Ah. That's Donald J Trump, the 45th president of the United States of America.

So you are a fake news!

Prefer to call it alternative facts. But yeah.

Bad.

Typical liberal media bias. "The media here is the opposition party." It is "too dumb and too lazy to actually do any work" and should "keep its mouth shut and just listen for a while."

Who said that?

President Bannon.

Bad.

So sorry, that should be Steven Bannon, chief White House strategist and mastermind of the Trump presidential campaign. As recently as 2016, however, he described the orange wonder as a "blunt instrument for us", adding, "I don't know whether he really gets it or not."

But he's one of many advisers. How great is his influence really?

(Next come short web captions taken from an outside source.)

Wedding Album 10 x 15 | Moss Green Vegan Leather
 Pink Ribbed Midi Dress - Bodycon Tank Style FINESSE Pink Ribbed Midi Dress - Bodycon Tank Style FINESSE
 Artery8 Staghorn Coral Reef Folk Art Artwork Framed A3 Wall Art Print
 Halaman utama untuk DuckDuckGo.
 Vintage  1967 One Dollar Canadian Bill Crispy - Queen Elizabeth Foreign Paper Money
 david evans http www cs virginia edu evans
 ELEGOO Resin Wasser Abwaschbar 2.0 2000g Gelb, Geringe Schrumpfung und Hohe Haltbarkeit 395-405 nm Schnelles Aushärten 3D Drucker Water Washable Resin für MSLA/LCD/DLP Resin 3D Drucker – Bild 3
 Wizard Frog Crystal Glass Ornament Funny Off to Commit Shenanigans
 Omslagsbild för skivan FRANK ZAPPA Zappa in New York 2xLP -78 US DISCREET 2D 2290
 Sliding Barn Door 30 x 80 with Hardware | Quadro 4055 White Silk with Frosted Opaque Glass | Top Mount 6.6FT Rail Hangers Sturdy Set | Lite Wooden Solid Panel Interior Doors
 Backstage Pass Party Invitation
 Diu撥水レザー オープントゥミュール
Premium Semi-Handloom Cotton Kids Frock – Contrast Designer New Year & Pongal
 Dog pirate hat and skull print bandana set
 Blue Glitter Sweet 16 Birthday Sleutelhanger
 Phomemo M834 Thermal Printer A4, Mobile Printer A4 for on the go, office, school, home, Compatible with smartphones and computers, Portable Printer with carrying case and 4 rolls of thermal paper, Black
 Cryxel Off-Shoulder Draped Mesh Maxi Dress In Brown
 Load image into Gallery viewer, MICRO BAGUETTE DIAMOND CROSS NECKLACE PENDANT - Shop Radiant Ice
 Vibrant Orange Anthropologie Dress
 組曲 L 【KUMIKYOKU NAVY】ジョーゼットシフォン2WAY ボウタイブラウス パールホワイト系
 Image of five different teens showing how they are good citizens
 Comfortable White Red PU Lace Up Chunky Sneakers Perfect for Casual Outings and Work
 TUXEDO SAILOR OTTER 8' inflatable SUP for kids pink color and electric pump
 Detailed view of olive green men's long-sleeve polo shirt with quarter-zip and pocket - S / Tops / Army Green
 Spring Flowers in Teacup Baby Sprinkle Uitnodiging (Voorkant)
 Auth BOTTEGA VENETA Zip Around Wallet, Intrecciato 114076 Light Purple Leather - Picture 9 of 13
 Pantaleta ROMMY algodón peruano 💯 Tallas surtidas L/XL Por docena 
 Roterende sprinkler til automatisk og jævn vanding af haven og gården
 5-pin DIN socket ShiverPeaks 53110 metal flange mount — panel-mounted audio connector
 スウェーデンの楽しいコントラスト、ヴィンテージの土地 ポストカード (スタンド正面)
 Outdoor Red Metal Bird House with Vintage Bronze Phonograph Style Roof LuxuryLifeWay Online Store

His impact goes far beyond the strategic brief of a chief adviser: he was quickly granted, extraordinarily, a permanent seat on the National Security Council. Yesterday's astonishing resignation of national security adviser Michael Flynn who had misled over his links to Russia, is likely only to consolidate the influence of Bannon. He was already credited with having driven the early, controversial executive orders including the botched visa ban. The only other Trump staffer who comes close to wielding the sway of the man who calls himself "Thomas Cromwell in the court of the Tudors" and who Time dubs "The Great Manipulator" is chief-of-staff Reince Priebus.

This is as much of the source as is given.